La dependencia de Chile hacia los privados y las trasnacionales del cobre pasaron la cuenta nuevamente. Esta vez, frente a la enorme crisis social y sanitaria que vive China, la economía chilena alerta tambaleos. La necesidad de la nacionalización de los recursos naturales nuevamente se hace patente.

Felix Melita

Estudiante de Psicología Universidad de Antofagasta

Sábado 22 de febrero | 08:34

China, una de las principales potencias mundiales que fue parte de una guerra comercial con EE.UU que copó durante un largo periodo todos los medios de prensa, hoy vive una profunda crisis social y sanitaria por el COVID-19 -más conocido como Coronavirus- la cual según fuentes oficiales lleva un saldo de más de 2 mil fallecidos. Es esta crisis la que ha llevado a que el gigante asiatico barajar la disminución de sus importaciones de cobre por los costos sanitarios que sacuden al país.

Es frente a esta situación que diversos analistas y economistas han activado las balisas y alarmas frente a una disminución de los ingresos monetarios por las exportaciones de cobre por parte de Chile, ya que después de todo se trata del principal socio comercial y mayor comprador de commodities del metal rojo.

En este sentido desde Goldman Sachs para América Latina afirmaron que: “las economías más expuestas son Chile, Perú y en cierta medida, Brasil (…) La fuente clave de riesgo bajista para LatinoAmérica es un deterioro de los términos de intercambio provocado por un impacto profundo y duradero de una desaceleración de China sobre los precios de los commodities.”

Eco de estos anuncios son los resultados del último sondeo mensual de Bank of America Merrill Lynch (BAML) sobre gestores de fondos latinoamericanos, en donde se señala que el 56% afirma que el mayor riesgo para Sudamérica es la desaceleración del crecimiento y la demanda de materias primas por parte del país dirigido por Xi Jinping. Así mismo, un 27% de los encuestados afirma que la situación económica de Chile se deteriorará en los próximos seis meses.
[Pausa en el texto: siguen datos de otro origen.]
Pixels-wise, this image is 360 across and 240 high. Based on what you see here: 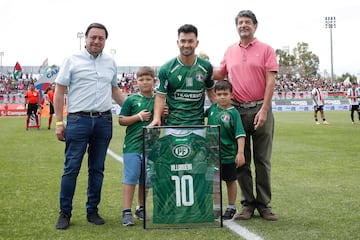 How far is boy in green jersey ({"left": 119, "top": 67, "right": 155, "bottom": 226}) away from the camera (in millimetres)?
5406

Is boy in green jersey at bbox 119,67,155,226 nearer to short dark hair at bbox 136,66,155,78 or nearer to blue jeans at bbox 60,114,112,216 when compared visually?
short dark hair at bbox 136,66,155,78

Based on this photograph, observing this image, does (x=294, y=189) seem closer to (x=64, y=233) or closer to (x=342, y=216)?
(x=342, y=216)

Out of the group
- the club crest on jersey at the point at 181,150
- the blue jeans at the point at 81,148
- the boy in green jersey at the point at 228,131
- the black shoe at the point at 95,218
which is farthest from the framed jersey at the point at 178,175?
the blue jeans at the point at 81,148

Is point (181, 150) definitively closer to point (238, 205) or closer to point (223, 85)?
point (223, 85)

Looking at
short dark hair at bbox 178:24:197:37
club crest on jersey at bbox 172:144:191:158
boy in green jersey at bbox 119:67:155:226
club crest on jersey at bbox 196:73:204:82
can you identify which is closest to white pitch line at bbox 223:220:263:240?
club crest on jersey at bbox 172:144:191:158

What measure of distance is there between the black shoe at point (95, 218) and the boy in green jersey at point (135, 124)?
0.87 ft

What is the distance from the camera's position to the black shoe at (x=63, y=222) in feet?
16.7

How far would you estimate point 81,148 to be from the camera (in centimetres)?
530

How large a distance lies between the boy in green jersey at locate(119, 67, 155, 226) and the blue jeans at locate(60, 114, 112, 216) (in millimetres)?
231

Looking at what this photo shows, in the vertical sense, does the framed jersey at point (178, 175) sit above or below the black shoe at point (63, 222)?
above

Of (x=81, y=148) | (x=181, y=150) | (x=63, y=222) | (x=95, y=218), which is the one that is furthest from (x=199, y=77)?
(x=63, y=222)

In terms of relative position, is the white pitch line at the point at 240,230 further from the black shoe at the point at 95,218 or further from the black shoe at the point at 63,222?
the black shoe at the point at 63,222

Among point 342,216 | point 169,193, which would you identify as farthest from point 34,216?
point 342,216

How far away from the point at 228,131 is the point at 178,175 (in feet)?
2.43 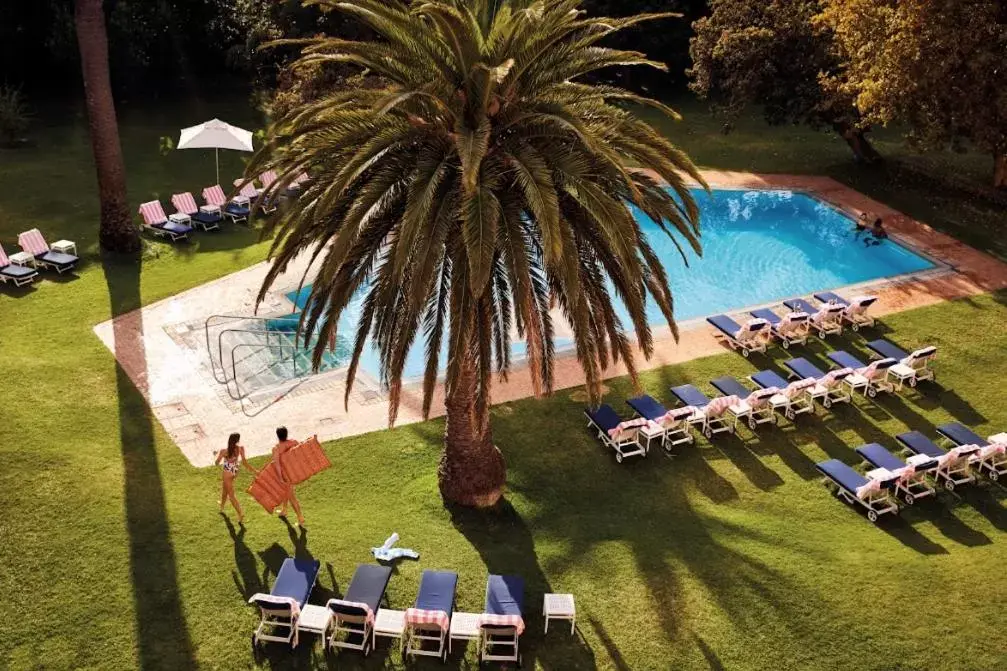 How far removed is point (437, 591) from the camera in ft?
43.8

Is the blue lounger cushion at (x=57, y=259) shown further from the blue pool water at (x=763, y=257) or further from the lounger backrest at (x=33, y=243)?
the blue pool water at (x=763, y=257)

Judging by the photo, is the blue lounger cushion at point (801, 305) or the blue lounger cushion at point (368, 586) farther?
the blue lounger cushion at point (801, 305)

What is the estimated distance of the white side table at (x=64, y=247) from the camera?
78.0ft

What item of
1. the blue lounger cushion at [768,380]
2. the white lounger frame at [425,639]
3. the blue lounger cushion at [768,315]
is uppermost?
the blue lounger cushion at [768,315]

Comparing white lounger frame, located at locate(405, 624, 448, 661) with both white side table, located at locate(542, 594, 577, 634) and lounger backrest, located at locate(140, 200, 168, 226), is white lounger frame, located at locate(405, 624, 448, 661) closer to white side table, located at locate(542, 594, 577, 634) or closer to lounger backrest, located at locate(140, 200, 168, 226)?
white side table, located at locate(542, 594, 577, 634)

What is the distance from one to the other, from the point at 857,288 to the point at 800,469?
9.29m

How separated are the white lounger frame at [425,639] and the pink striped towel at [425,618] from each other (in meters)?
0.08

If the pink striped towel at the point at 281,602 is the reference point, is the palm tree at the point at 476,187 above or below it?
above

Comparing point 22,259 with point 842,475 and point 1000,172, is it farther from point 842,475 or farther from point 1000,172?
point 1000,172

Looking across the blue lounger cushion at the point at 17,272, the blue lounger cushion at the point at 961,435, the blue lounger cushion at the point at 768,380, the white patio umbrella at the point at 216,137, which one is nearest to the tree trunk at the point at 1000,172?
the blue lounger cushion at the point at 961,435

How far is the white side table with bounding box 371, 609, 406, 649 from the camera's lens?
41.7ft

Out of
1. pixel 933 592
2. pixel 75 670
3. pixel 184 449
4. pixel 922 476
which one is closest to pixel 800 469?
pixel 922 476

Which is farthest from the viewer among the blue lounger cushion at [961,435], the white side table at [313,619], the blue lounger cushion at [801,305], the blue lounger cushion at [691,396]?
the blue lounger cushion at [801,305]

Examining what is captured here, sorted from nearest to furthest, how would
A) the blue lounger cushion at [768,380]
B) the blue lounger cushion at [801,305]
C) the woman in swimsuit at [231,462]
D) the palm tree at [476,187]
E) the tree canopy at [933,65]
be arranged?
1. the palm tree at [476,187]
2. the woman in swimsuit at [231,462]
3. the blue lounger cushion at [768,380]
4. the blue lounger cushion at [801,305]
5. the tree canopy at [933,65] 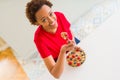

¿Qué hay detrás de estas cifras?

Esta situación no sólo es una alarma para los economistas y analistas -pues las alarmas las encienden para que las oigan los empresarios y poderosos-, sino que también para el conjunto de las familias trabajadoras que hay en Chile y que viven de la minería, en donde el número de trabajadores en el sector minero casi se duplicó sólo entre 2006 y 2015, pasando de 132.807 a 238.454 empleados, crecimiento que implicó un 47%. Sin embargo, los números son muchísimo mayores, ya que los contratistas aumentaron considerablemente más, llegando a un 95%. ¿Cuántas familias vivirán en pleno 2020 de la minería y todas las empresas que funcionan a su alrededor?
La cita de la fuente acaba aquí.